Son on yılda bazen evde bir şeyler öğrenmek için, bazen de yükseköğretimi devam ettirebilmek için önümüze yepyeni fırsatlar sunuldu. Teknoloji sayesinde “eğitim vermek” devri kapandı ve “eğitim almak” felsefesi yerleşti. Khan Academy ile başlayan online eğitim platformları, son birkaç yılda büyük bir hızla gelişti. MOOCs(Massive Open Online Courses) sistemi önde gelen üniversiteler arasında yayılmaya başladı bile. Listeyi uzatmak mümkün fakat bu listenin başındaki üniversiteler şöyle; MIT, Princeton, Ludwig-Maximilians-Universität München, Michigan, Penn State, University of Melbourne, University of London. “Herkes için evrensel eğitim” arayışına, şu ana kadar verilen en etkin ve reel cevap olan online eğitim, hayatımıza ileriki yıllarda belki de tek seçenek olarak yerleşebilecek potansiyele de sahip bir sistem.
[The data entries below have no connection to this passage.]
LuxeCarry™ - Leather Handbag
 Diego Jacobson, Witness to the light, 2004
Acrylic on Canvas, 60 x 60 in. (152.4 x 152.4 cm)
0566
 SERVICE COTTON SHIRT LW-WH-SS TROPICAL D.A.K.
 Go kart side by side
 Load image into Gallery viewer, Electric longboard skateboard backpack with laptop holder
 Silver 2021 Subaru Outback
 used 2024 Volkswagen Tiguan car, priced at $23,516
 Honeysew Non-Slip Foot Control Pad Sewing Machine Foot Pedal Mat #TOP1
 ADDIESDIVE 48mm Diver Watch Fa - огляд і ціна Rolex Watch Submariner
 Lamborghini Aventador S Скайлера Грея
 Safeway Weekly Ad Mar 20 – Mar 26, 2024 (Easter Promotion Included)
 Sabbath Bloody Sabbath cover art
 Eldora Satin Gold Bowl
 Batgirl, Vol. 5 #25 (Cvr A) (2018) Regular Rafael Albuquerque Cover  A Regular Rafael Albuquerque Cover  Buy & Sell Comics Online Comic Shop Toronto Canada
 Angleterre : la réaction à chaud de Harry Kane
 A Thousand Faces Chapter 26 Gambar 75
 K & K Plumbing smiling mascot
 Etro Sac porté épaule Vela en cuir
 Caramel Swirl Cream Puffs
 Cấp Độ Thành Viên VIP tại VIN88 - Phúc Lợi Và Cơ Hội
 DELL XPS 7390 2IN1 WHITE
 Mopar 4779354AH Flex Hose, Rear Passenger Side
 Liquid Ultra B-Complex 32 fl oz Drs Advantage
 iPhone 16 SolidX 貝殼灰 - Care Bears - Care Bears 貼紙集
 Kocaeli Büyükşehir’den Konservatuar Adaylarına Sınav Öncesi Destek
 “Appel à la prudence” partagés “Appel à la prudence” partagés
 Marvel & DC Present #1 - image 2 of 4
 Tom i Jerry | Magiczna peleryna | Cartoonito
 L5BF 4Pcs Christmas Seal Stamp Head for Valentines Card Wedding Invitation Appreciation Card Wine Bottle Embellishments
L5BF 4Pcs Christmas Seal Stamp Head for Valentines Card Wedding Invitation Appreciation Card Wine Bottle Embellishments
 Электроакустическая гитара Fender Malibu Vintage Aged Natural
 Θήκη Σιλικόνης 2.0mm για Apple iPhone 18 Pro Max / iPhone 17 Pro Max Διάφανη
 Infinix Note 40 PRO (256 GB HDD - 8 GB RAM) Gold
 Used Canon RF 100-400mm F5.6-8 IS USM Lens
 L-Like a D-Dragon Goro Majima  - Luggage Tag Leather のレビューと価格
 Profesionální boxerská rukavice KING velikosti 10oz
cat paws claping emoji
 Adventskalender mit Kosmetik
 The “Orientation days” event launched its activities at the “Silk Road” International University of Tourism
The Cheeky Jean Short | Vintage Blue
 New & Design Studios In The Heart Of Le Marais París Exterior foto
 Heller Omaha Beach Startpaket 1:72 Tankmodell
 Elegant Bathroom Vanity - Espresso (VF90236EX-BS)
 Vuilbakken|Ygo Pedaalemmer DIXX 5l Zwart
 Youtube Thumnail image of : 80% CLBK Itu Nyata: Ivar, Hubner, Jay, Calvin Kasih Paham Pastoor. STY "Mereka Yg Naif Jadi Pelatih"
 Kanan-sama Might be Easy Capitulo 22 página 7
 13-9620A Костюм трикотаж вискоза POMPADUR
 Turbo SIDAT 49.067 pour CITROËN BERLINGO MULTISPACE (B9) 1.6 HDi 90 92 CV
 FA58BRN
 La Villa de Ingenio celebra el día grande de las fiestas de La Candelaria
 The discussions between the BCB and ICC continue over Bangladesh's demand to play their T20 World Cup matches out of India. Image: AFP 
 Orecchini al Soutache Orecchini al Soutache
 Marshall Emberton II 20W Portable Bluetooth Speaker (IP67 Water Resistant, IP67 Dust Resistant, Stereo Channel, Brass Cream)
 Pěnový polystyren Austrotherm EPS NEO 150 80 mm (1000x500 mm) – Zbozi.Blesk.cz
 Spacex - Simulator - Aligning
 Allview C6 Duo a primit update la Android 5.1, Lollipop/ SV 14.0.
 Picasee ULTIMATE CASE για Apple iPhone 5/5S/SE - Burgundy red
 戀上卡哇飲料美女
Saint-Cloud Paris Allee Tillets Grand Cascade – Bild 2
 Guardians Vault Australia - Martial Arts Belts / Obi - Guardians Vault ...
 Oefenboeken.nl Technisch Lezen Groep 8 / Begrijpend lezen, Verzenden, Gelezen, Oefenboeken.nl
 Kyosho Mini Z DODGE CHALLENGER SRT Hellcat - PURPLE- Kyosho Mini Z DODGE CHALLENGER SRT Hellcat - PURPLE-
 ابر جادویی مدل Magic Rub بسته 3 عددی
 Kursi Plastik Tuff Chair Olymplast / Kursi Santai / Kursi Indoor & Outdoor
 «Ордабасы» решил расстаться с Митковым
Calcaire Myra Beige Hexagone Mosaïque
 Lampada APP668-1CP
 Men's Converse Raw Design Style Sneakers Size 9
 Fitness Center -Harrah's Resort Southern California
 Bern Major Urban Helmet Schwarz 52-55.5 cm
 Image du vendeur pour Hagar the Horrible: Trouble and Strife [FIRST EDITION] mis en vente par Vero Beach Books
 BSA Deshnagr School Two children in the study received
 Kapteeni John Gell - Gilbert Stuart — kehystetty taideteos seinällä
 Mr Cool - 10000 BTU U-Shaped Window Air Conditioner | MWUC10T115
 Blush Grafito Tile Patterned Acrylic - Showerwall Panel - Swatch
Bilginin ne zaman, nerde, hangi durum karşısında üretileceğini asla kestiremezsiniz. Project Loon ile “dünya küçük bir köy” deyimi yeniden anlam kazanabilir. Dünyanın her yerinden bireylerin bilgi üremine sağladığı katkı, daha çabuk paylaşılabilecek ya da uzmanlıklar daha çabuk öğretilebilir hale gelecektir. Hala okuma yazma oranlarının artmasına çalışırken, kısa bir sürede daha kaliteli eğitimi, daha kolay ulaştırma imkanlarına da sahip olabileceğiz. Ve işte o gün “herkes için evrensel eğitim” mottosu kendine güvenini tekrar kazanacaktır.

Bugün için norm olan okullar, internet erişim ağı genişledikçe çağ dışı kalabilir. Tabii bu başka bir yazının konusu : Okullar Vazgeçilmez Değildir!